Les vieux murs perdent leur fonction et sont démolis, remplacés par des boulevards. Ce nouvel espace est ordonné selon un plan régulier et hygiéniste (assainissement, espaces verts). Il se caractérise par des rues larges en grille, de gros blocs de bâtiments et une densité initialement basse. On y trouve des hôtels particuliers et des villas de style historiciste.

Exemples : Plan d'Ildefonso Cerdá (Barcelone, 1859) et Plan de Carlos María de Castro (Madrid, 1860).

Transformations : Mise en place des transports urbains (train, voiture). Densification progressive par la construction dans les cours intérieures et verticalisation des bâtiments (penthouses) dans les années 60. Mixité des usages (résidentiel et tertiaire).

B) Quartiers industriels et ouvriers des banlieues

Zones créées pour le prolétariat, contrastant avec les quartiers bourgeois. Situés en périphérie, près des routes et des gares (zones de la station), ils accueillaient ateliers, entrepôts et abattoirs.

  • Habitat : Développement hors de contrôle sur des parcelles privées. Intrigue dense, bâtiments de faible qualité, manque d'infrastructures (foyers d'infection).
  • Aujourd'hui : Ces zones sont désormais intégrées au centre-ville. Les meilleures ont été réhabilitées pour le tertiaire ou le résidentiel riche, tandis que les moins valorisées restent marginales ou abandonnées.

C) Les quartiers paysagers

Apparus fin XIXe - début XXe siècle, basés sur des idées naturalistes et hygiénistes (soleil, air frais).

  • Cité-jardin : Concept d'Ebenezer Howard. Maisons unifamiliales avec jardins. Initialement prévues pour les ouvriers (Loi de 1911), elles sont devenues des quartiers de classe moyenne en raison de leur coût.
  • La Ville Linéaire : Créée par Arturo Soria à Madrid. Une rue principale de 40m de large bordée de maisons avec jardins, intégrant services et tramway. Aujourd'hui fortement modifiée par l'apparition d'immeubles de bureaux.

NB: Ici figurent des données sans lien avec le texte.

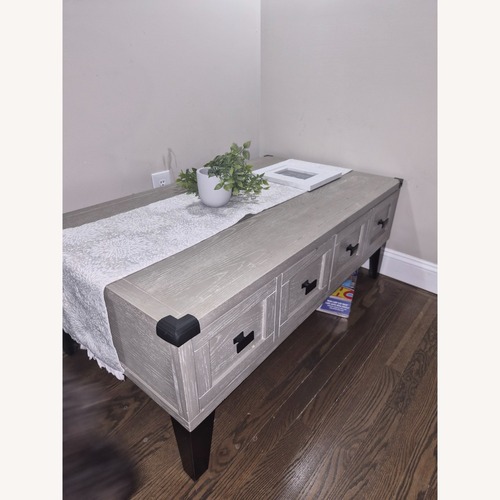 Used Bob's Discount Furniture Wentworth Light Gray Coffee Table for sale on AptDeco
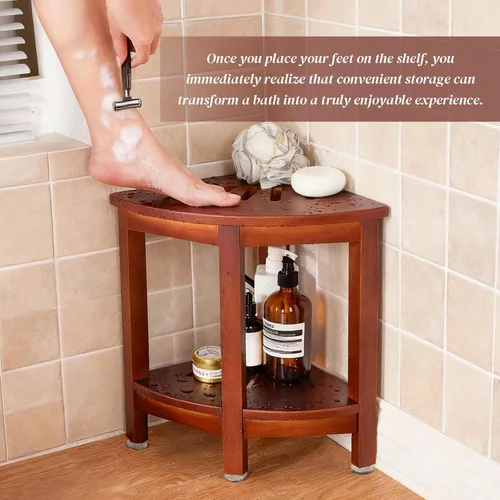 Miniatura 6 de HouseJoy Banco de ducha esquinero con estante, taburete de ducha de esquina de 16.5 pulgadas de alto para afeitarse las piernas, reposapiés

La périphérie urbaine et les développements récents

Après la Guerre Civile, la croissance reprend dans les années 60 (baby-boom, exode rural, tourisme). Apparition de la ville tentaculaire et des zones périurbaines où se mélangent usages ruraux et urbains.

A) Quartiers résidentiels à la périphérie

  • Bidonvilles (Taudis) : Constructions illégales sans services de base. Sommet dans les années 50, aujourd'hui liés à l'immigration.
  • Logements sociaux (Barrios de promotion officielle) : Construits entre 1940 et 1960. Quartiers monotones de qualité médiocre, actuellement en cours de réhabilitation.
  • Secteur privé (Cadre ouvert) : Depuis les années 60, tours de grande hauteur avec espaces verts.
  • Quartiers fermés : Années 80-90, densité plus basse, espaces collectifs privés (piscines, jardins).
  • Maisons individuelles : Développement lié à l'usage de la voiture et au désir de nature.

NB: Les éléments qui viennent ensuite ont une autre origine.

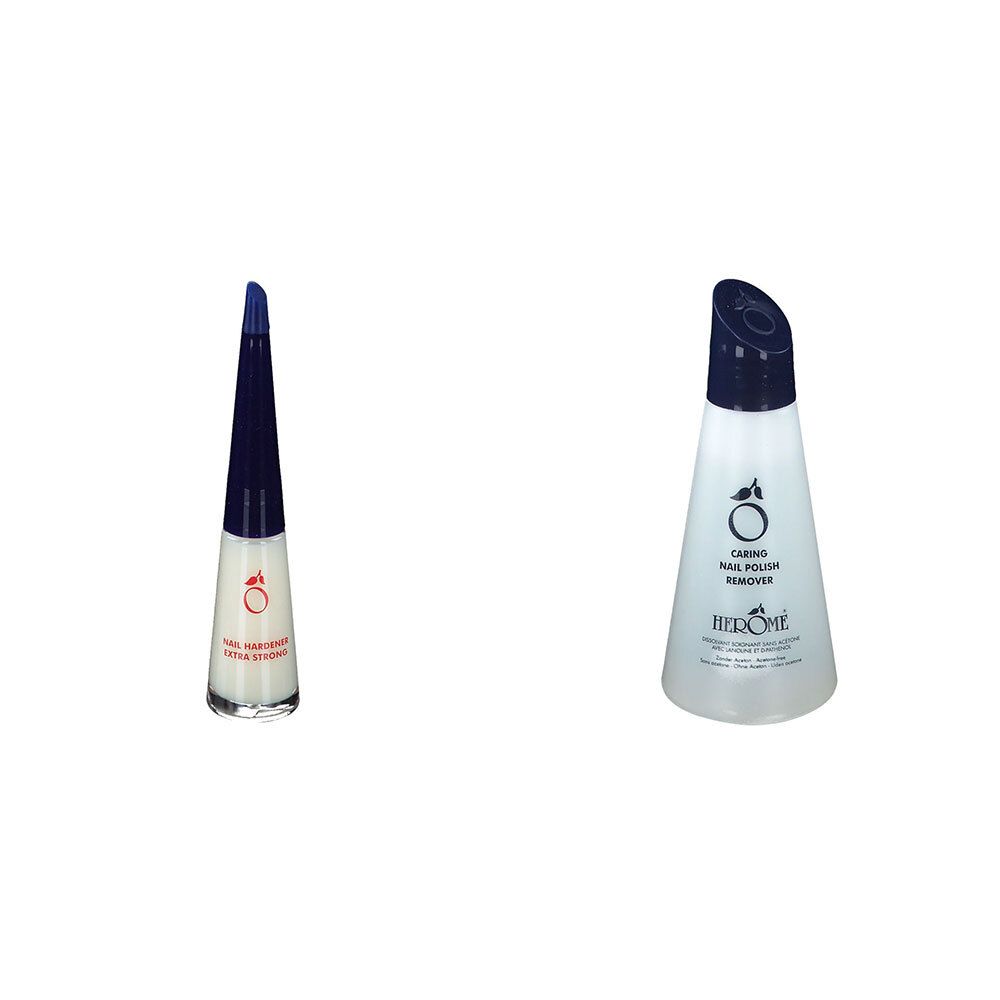 Zwei Flaschen. Links: Nagelhärter mit blauem Deckel. Rechts: Nagellackentferner mit blauem Deckel. Beide mit Logo und Schriftzug.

B) Équipements et zones industrielles

Situés près des axes d'accès. Les anciens parcs industriels (50-60) sont réhabilités. Apparition de parcs technologiques, centres commerciaux, campus universitaires et cités hospitalières.

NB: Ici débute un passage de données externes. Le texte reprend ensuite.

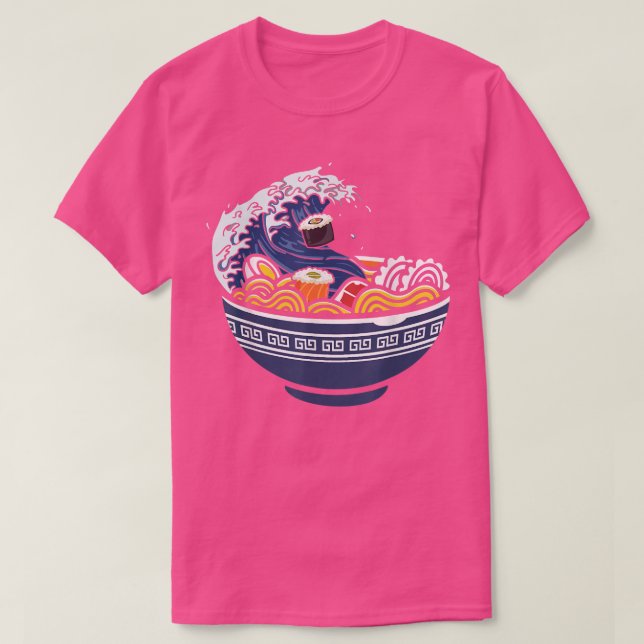 Wave Japan Ramen Bowl Kawaii Anime Älskare 1559 T Shirt (Design framsida)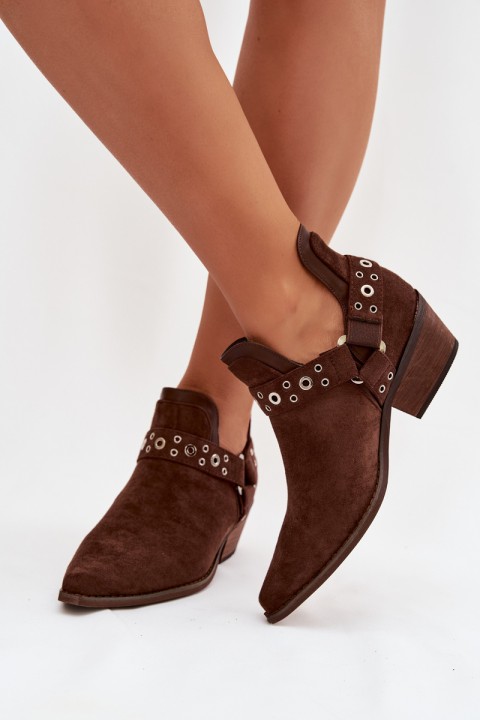 Women's Chunky Boots with Cutouts and Straps Vannessae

Les agglomérations urbaines

Connexion de plusieurs noyaux urbains selon différents modèles :

  • Aire Métropolitaine : Vaste région entourant une ville centrale qui projette son activité sur les communes voisines. Les transports sont essentiels pour l'équilibre entre le centre (emploi) et la périphérie (logement moins cher).
  • Évolution : Phase industrielle (début XXe) à Madrid, Barcelone, Bilbao. Phase post-industrielle (1975-90) avec stagnation du centre et étalement vers la périphérie. Depuis 1995, reprise de la croissance via l'immigration.
  • Conurbation : Jonction de deux villes ou plus (Malaga-Marbella, Alicante-Elche).
  • Région Urbaine : Agglomération discontinue mais dense (ex: centre des Asturies).
  • Mégalopole : Agglomération suprarégionale géante (ex: Axe méditerranéen de la France à Carthagène).